Messages to the World: The Statements of Osama Bin Laden edited by Bruce Lawrence
The title pretty much says it all. This book is a compilation of many of the public statements made by the dude at the top of the FBI's most wanted. I figured I should get to know him to the best of my abilities. From the snippets I'd heard of bin Laden's speeches, I always suspected he was an intelligent man, and this book has thrown the light on his ready ability for spotting logical inconsistencies. The content of the messages seems to become somewhat redundant after a while, but I'm only a third of the way in.
For my review of this book, check out Osama Bin Laden, Part 1: The War of Faith (08/27/2006).
Lies My Teacher Told Me by James W. Loewen
History never interested me much until I took a course in college. This book, recommended to me with a palpable degree of passion by several of my sociology-majoring friends back in uni, seems to offer a plausible explanation for the boredom phenomenon commonly experienced in history classes. Lies is an addictive reveal of the most dogmatically taught history of my younger years, putting the lie to many "facts" endorsed by history textbooks in the K-12 American school system. With copious endnotes and logical arguments, Loewen demonstrates that people and events of a controversial or indeterminate nature tend to be polished for easy consumption.
I've never thought of myself as particularly cynical, but the author's voice is often overly indignant for my taste, as if he cannot even conceive of how this sort of oversight or cover-up is possible. The answer is simply that society progresses slowly, and our own ugliness is difficult to face.

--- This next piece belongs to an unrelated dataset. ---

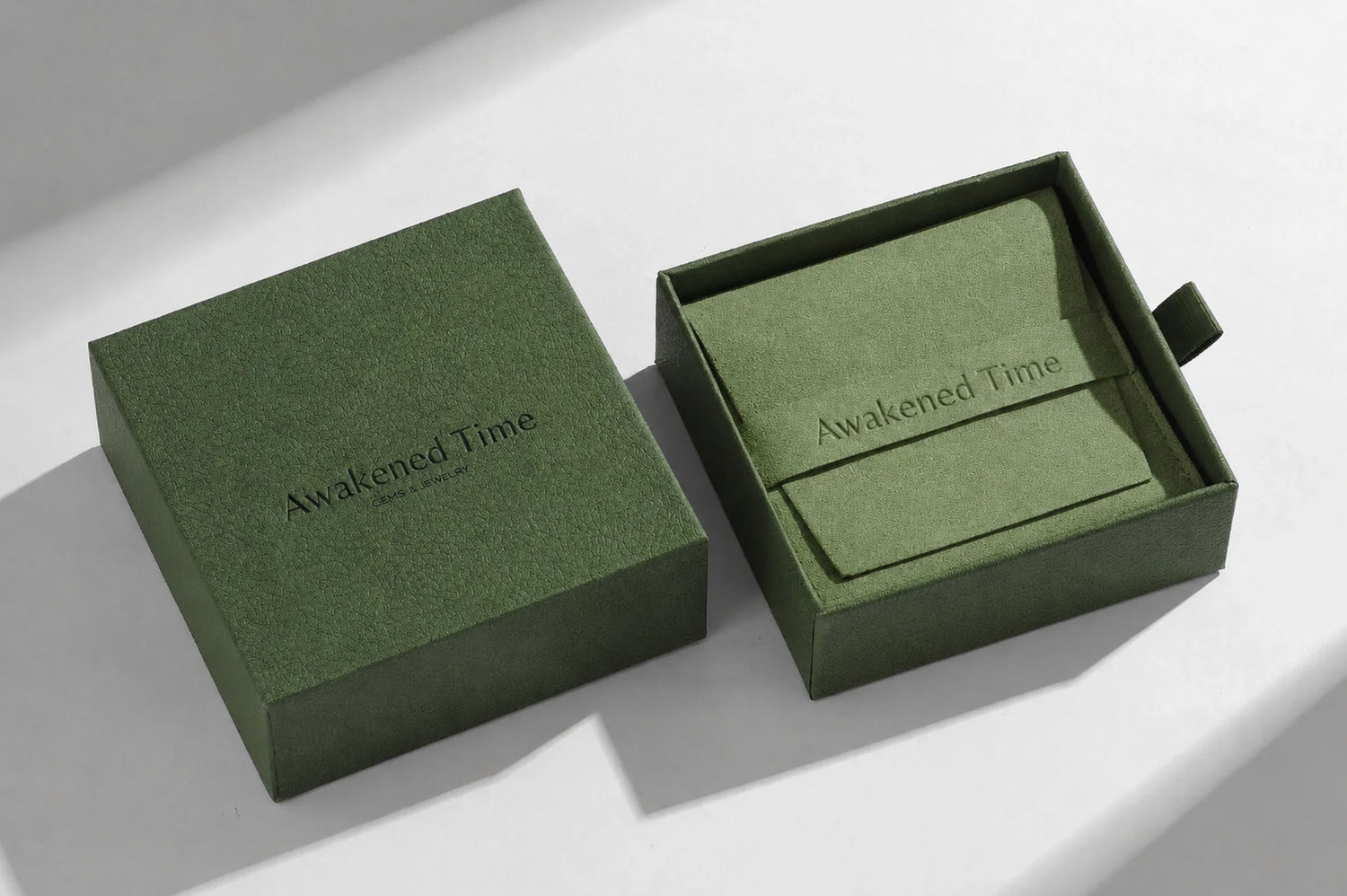 Awakened Time luxury jewelry packaging box in olive green with elegant gift presentation.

Nonetheless, it's clear that he feels strongly about his subject and the reader is the beneficiary of his positively channeled outrage.
The Impossible by Georges Bataille
Frankly, I was only drawn to this book because I had once written a philosophical piece to which I'd given the same name. However, the description of Bataille as the king of "divine filth" pretty much had me convinced I had in fact encountered a kindred spirit. However, while conceding to Bataille an apparent brilliance of ideas (some I find blisteringly poignant and important enough to transcribe... when coherent), this book largely reads to me like unpolished brainstorming and journal entries. If I may, Bataille seems a man who felt he had discovered some insight of significance, but was still trying to puzzle it out or was too lazy to make it intelligible-likely both.
The League of Extraordinary Gentlemen Vol. 2 by Alan Moore and Kevin O'Neill
The movie was crap, we can all agree to that. But while I really enjoyed the first installment of LXG, I'm not a terrible fan of the second volume. The story was okay, and the Hyde character had some terrific moments, but there just wasn't enough punch to make this story mean anything to me. I was left wondering why a master like Moore decided to take on this mediocre project, and perhaps my distaste has to do with a growing inability to spot the nudge-nudge wink-wink references to old literature as most of the 18th century canon got used up in the first volume.
The esoteric nature of the references is certainly the reason why I've been struggling to get through the 50 or so, small-print pages of Almanac included at the back of the book; I've been at it for about, oh, the last four months. One page at a time, Abe, one page at a time.